A tramitação da proposta de emenda à Constituição (PEC) da reforma administrativa vai encontrar resistência na Câmara por parte do Partido dos Trabalhadores e de deputados da esquerda, incluindo membros do grupo de trabalho que tratou do tema. A bancada do PT se reúniu nesta terça-feira (7/10) para alinhar o posicionamento em relação ao texto. A orientação, por ora, é que os 80 deputados da federação da qual o partido faz parte, composta também por PCdoB e PV, não subscrevam a proposta, que precisa de 171 assinaturas para ser protocolada. Para parlamentares petistas, a PEC não foi discutida suficientemente e pode trazer prejuízos às carreiras do serviço público.
Os deputados do partido planejam se reunir nos próximos dias com a ministra Esther Dweck, da Gestão e Inovação, para firmar uma posição conjunta sobre o assunto. O MGI ainda não se manifestou sobre os projetos da reforma, que, além da PEC, incluem uma proposta de lei complementar e de lei ordinária. O ministério deve se posicionar institucionalmente na próxima semana, após análise técnica dos textos.
A posição do governo sobre a reforma não é clara. Antes da apresentação dos textos, embora, publicamente, houvesse uma sinalização positiva de Esther Dweck ao assunto, o tema não estava pacificado na Esplanada.
No último dia (4/10), o líder do governo na Câmara, José Guimarães (PT-CE), apoiou a proposta nas redes sociais. “As reformas tributárias, administrativa e de segurança pública integram o conjunto de reforma estratégicas do governo Lula”, escreveu em publicação no X. “Concluída a reforma tributária (consumo e renda), é chegada a hora de justiça administrativa, que colocará fim às distorções, aos privilégios e aos supersalários no serviço público”, continuou.
A publicação, no entanto, foi excluída horas depois. Em aparente recuo, o deputado escreveu, na mesma rede social, no domingo (5/10) que “qualquer proposta (de reforma administrativa) precisa ser fruto de muito diálogo com os servidores”. Ele disse: “Não apoiaremos nenhuma Reforma Administrativa que represente retrocesso para os trabalhadores! A reforma que o povo quer é aquela que enfrenta os privilégios do andar de cima, e não que ataque quem serve ao país”. Questionado pelo JOTA como avaliava o texto, o deputado não respondeu até a publicação desta reportagem.

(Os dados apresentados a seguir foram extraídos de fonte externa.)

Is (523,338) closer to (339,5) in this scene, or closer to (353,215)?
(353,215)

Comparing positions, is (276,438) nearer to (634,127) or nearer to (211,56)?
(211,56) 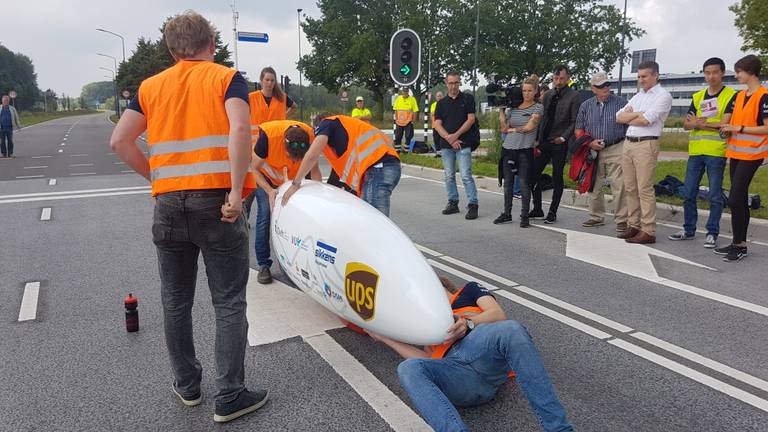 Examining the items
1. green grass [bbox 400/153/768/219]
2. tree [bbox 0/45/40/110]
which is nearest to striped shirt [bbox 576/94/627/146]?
green grass [bbox 400/153/768/219]

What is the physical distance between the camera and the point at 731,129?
5664mm

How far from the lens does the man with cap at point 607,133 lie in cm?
696

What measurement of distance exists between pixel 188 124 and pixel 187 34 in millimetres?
447

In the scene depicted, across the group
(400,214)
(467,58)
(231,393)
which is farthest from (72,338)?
(467,58)

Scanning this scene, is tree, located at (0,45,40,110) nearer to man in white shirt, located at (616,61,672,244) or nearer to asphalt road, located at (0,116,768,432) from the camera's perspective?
asphalt road, located at (0,116,768,432)

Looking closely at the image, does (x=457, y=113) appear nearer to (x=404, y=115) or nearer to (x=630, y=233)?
(x=630, y=233)

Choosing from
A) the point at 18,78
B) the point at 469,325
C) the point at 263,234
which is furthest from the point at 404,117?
the point at 18,78

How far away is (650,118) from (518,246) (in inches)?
83.2

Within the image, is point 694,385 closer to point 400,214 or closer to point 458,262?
point 458,262

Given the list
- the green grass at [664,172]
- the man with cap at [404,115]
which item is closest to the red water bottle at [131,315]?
the green grass at [664,172]

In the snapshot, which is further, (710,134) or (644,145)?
(644,145)

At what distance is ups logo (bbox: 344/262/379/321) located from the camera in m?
3.12

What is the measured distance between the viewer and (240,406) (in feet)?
9.32

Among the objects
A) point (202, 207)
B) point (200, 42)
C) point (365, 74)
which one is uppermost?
point (365, 74) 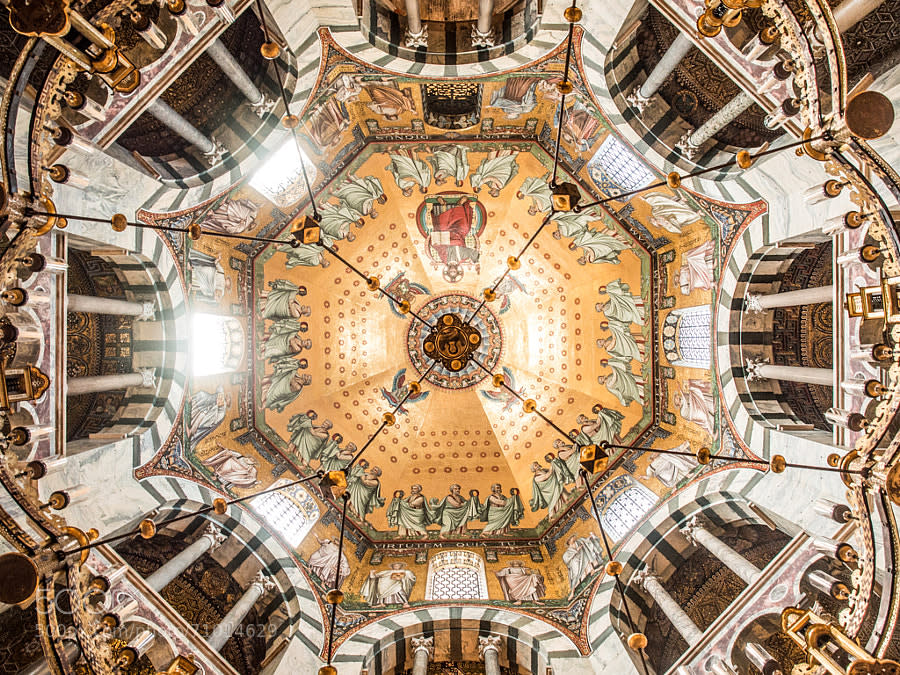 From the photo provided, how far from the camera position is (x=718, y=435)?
11258 mm

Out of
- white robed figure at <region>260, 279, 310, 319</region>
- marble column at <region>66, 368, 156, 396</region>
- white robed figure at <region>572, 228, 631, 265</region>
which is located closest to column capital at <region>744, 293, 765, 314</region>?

Como parte da estratégia, foi convocada para a próxima terça-feira (14/10) na Câmara uma audiência pública contrária à reforma administrativa, sob a liderança das deputadas Ana Pimentel (PT-MG) e Luciene Cavalcante (Psol-SP). Luciane integrou o grupo de trabalho da reforma no Congresso e diz que a versão final dos textos não foi apresentada ao colegiado.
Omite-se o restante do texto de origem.